With the medical discoveries of the early 20th century, scientific clinics and public hospitals replaced the spa. Existing spas responded by offering luxury accommodations, and many eventually turned into vacation locations or clinics that concentrated on weight loss, catering to the wealthy, with the spa origins obscured. In recent years, the value of prevention, healthy lifestyles, and relaxation has been rediscovered and the spa is again finding its place in modern society as a place uniquely qualified to address these needs. The wealthy no longer have exclusive use of spas. Spas now appeal to and are accessible to a much broader population.
Today's spa is an interesting combination of ancient traditions and modern mechanical wonders. However, the heart of the modern spa, just as the ancient spa, is water and the rituals that evolve around it. According to Prof. De Vierville, the proper sequence of the typical spa ritual is cleaning, heating, treatment, and rest. The first step, cleaning, should be a visit to the shower to purify the body. The second step is to heat the body. Many spas offer heated whirlpools, saunas, and steam rooms. A short visit to each or any combination can heat the body (caution: this step should be eliminated for people with certain medical conditions). The third step is the treatment such as a body scrub and massage. The last and equally important step is rest. Today's ritual is very similar to the spa ritual used at the Roman thermae.

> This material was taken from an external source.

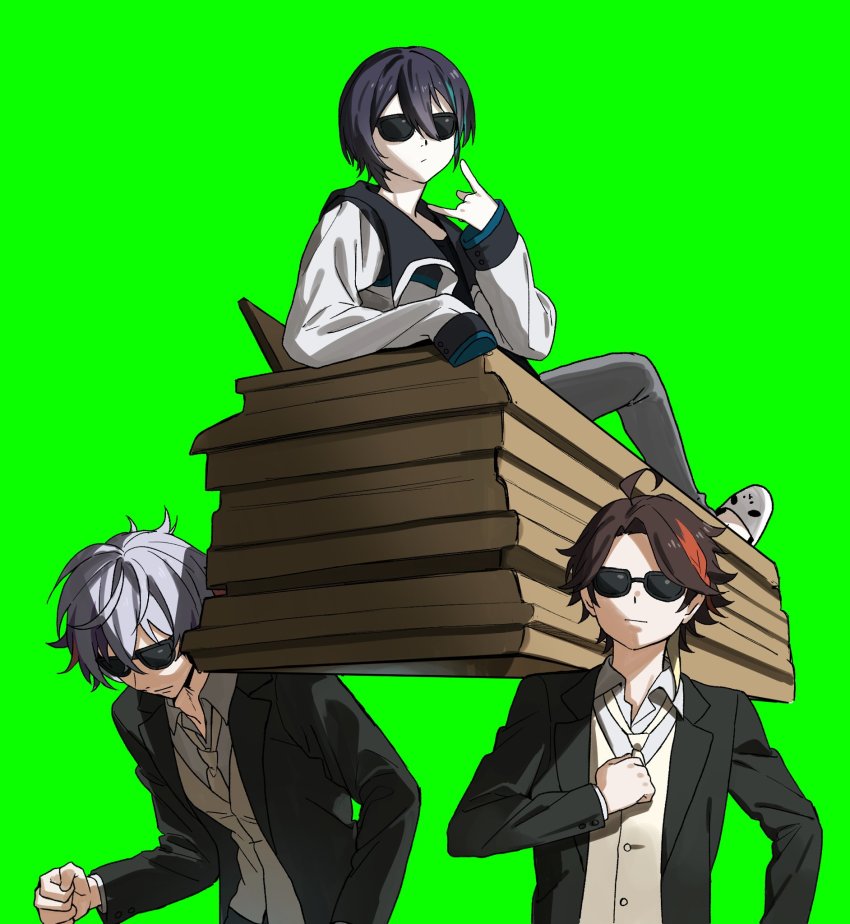 3boys ahoge assisted_carrying black_hair black_jacket brown_hair carrying closed_mouth coffin collared_shirt dancing_pallbearers_(meme) formal_clothes fuwa_minato green_background grey_hair highres jacket long_sleeves looking_at_viewer m/ male_focus mayuzumi_kai mayuzumi_kai_(1st_costume) meme morimori_chikka multicolored_hair multiple_boys necktie nijisanji open_clothes open_jacket pants saegusa_akina shirt short_hair simple_background sleeves_past_fingers sleeves_past_wrists slippers streaked_hair suit sunglasses vest virtual_youtuber white_jacket white_shirt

There have been many recent additions to spa water therapies in recent times. The Jacuzzi whirlpool, a central fixture in many modern spas, was invented in the 1950s, followed by Hydrotherapy Tubs, Swiss Showers, Scotch Hoses, and Vichy Showers. In addition to these mechanical inventions, new therapeutic ways to use still water have been discovered: Floatation Therapy, Watsu, Wassertanzen, Water Dance, Liquid Sound, and Dreams and Rituals in Healing Waters have been developed. The spa today embraces and celebrates its origins in water and is constantly looking for new ways to express it.